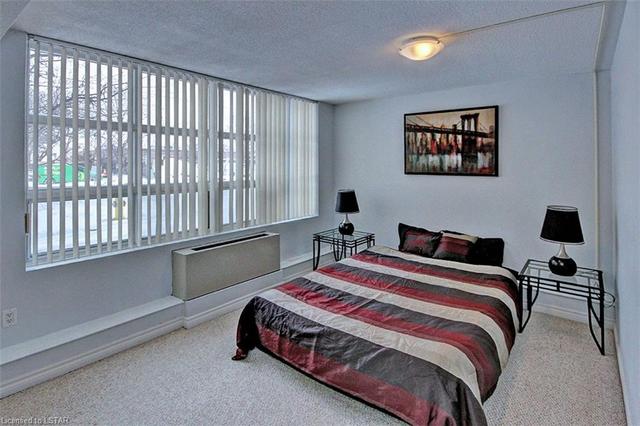 107 - 155 Kent Street, House attached with 2 bedrooms, 2 bathrooms and 1 parking in London ON | Image 16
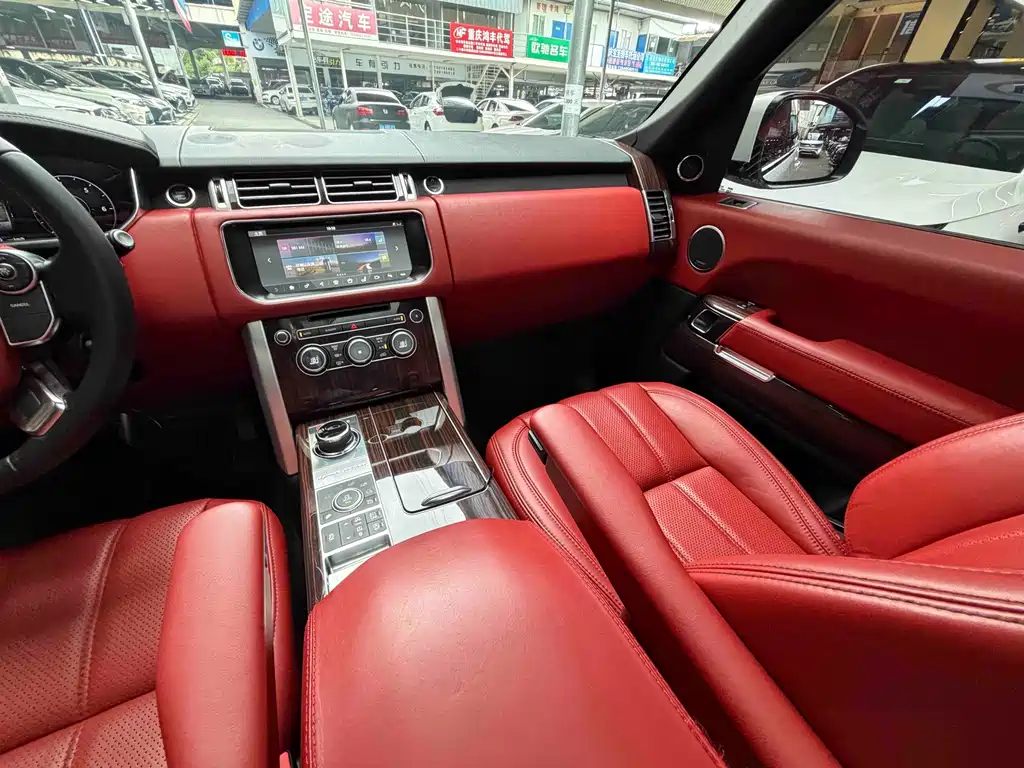 Land Rover Range Rover — миниатюра 28
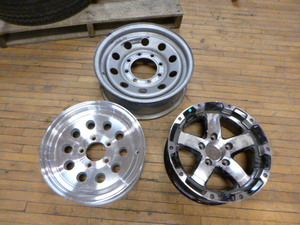 lot 143 image: Tire Rims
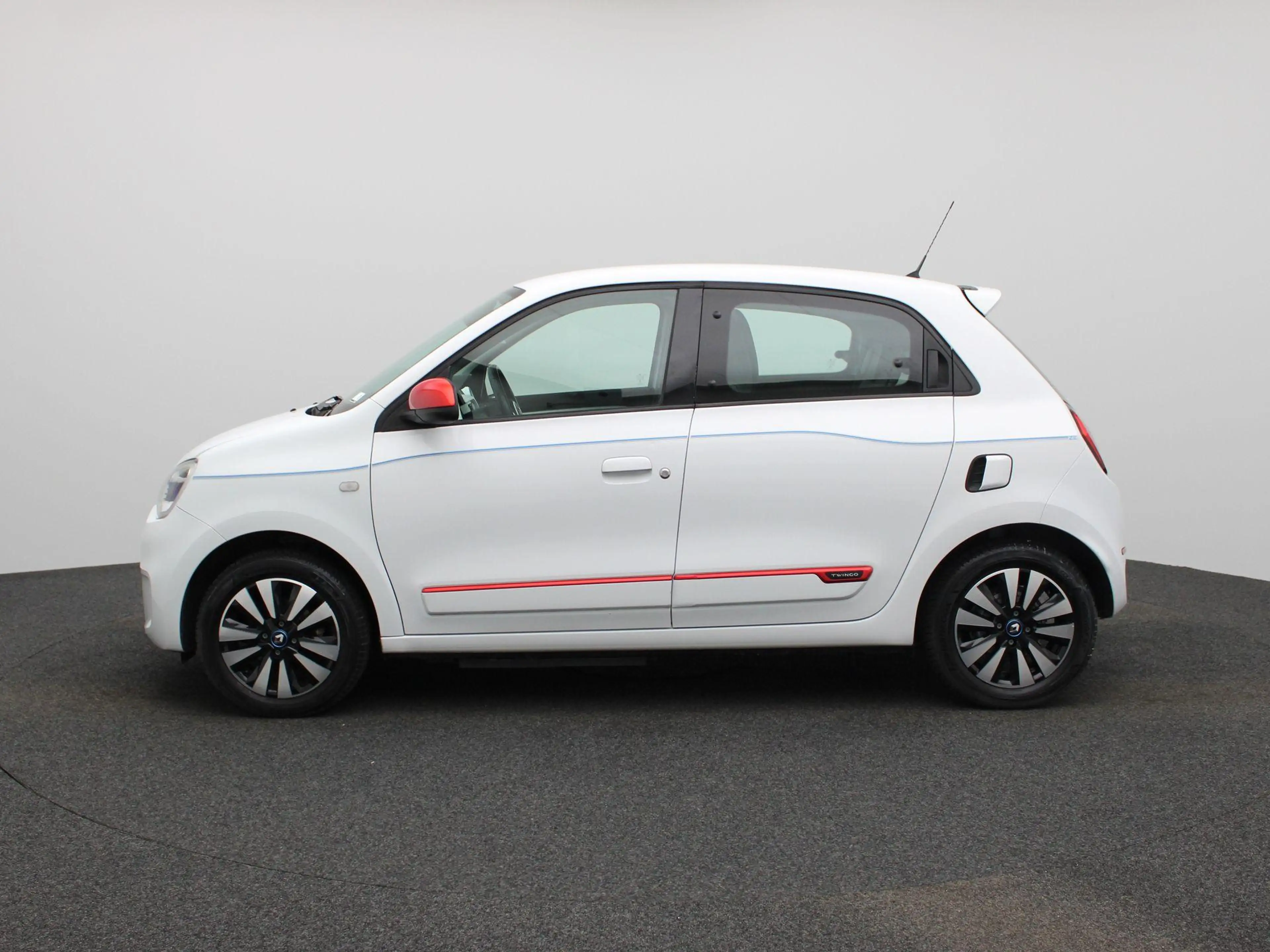 Renault Twingo Z.E. R80 Intens | WORDT VERWACHT | ACHTERUITRIJCAM — photo 4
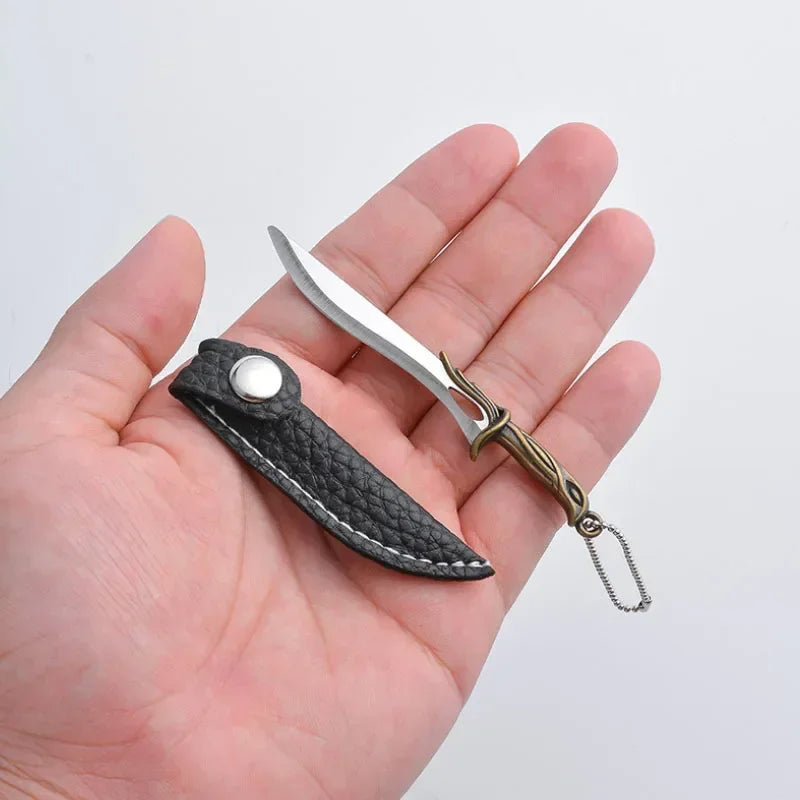 Mini Keychain Pocket Knife – Stainless Steel EDC Box Cutter Keychain Pocket Knife Axl Ancient bronze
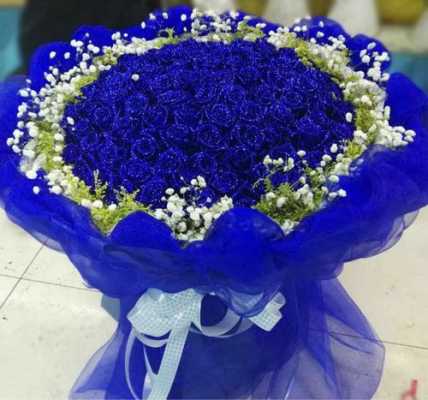 请问12支蓝玫瑰加上满天星的花语是什么意思啊？12月开蓝色花的植物图片-图1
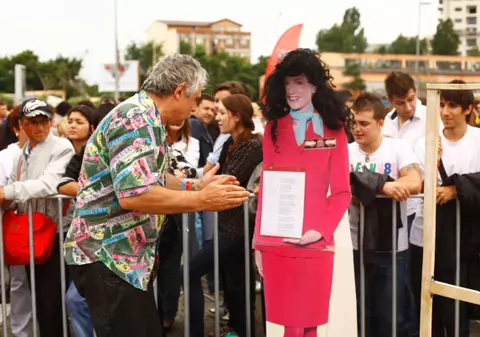 Cel mai mare fan X Factor a impresionat echipa cu o păpuşă din carton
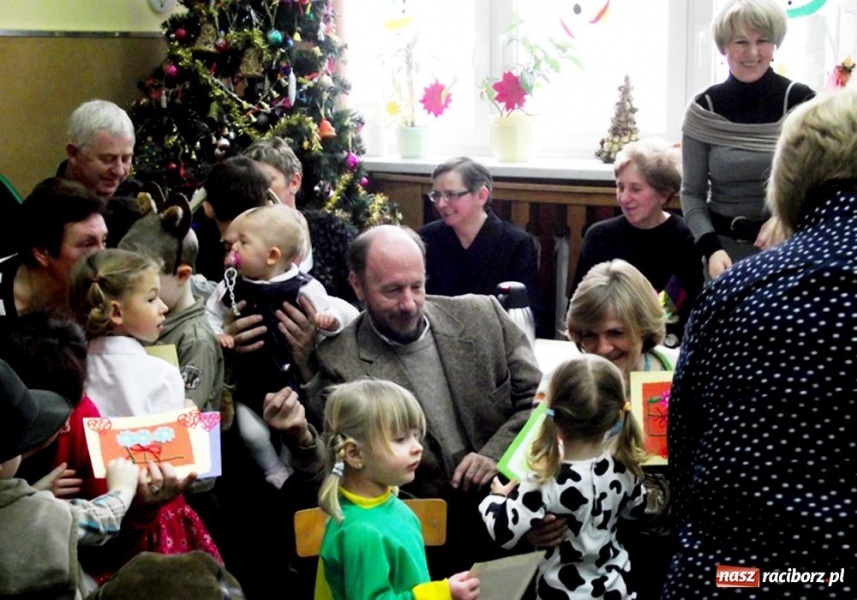 Zdjęcie w galerii na portalu naszraciborz.pl: Bałwanek i jego przyjaciele wiadomości z regionu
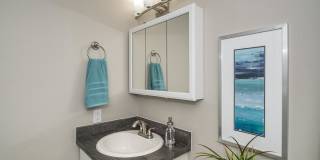 Midtown 15 Gallery 33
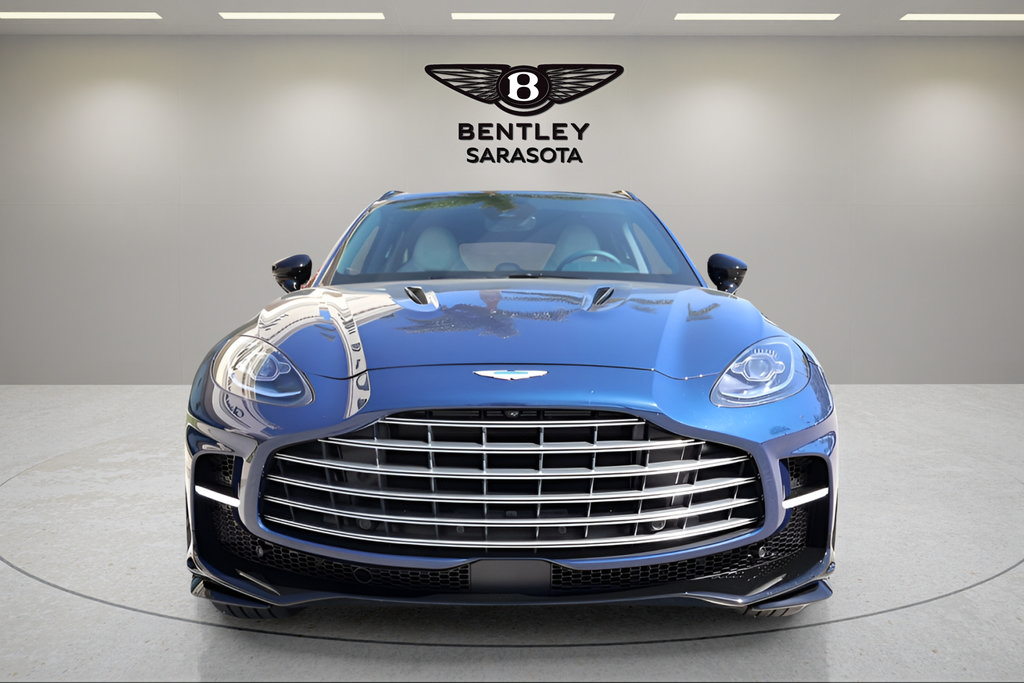 Used 2025 Aston Martin DBX 707 AWD/4WD image 8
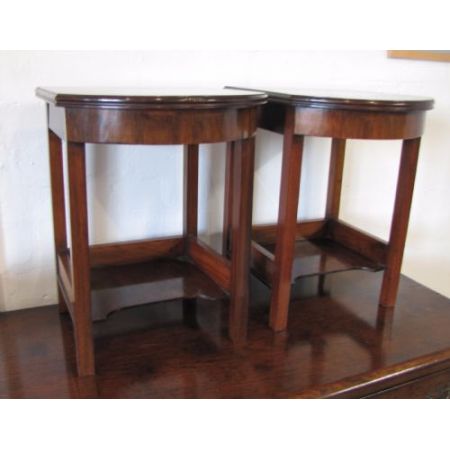 Antike Art Deco Beistelltische Nussbaum britisch ca 1930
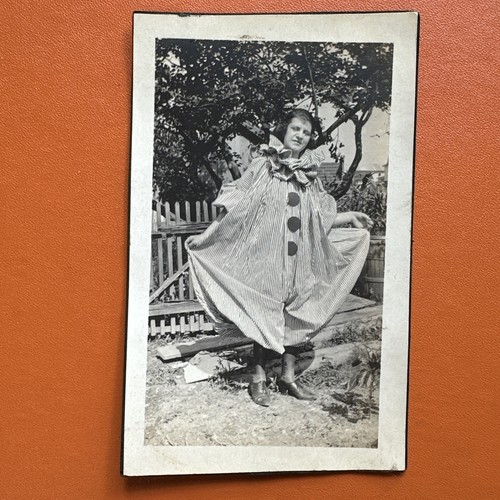 Woman clown costume - in,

**Assigned task**:
Pictures are to be omitted. Output verbatim only the lines from the one holding "Used 2025 Aston" through the end of the material, both included.

**Finished task**:
 Used 2025 Aston Martin DBX 707 AWD/4WD image 8
 Antike Art Deco Beistelltische Nussbaum britisch ca 1930
 Woman clown costume - in,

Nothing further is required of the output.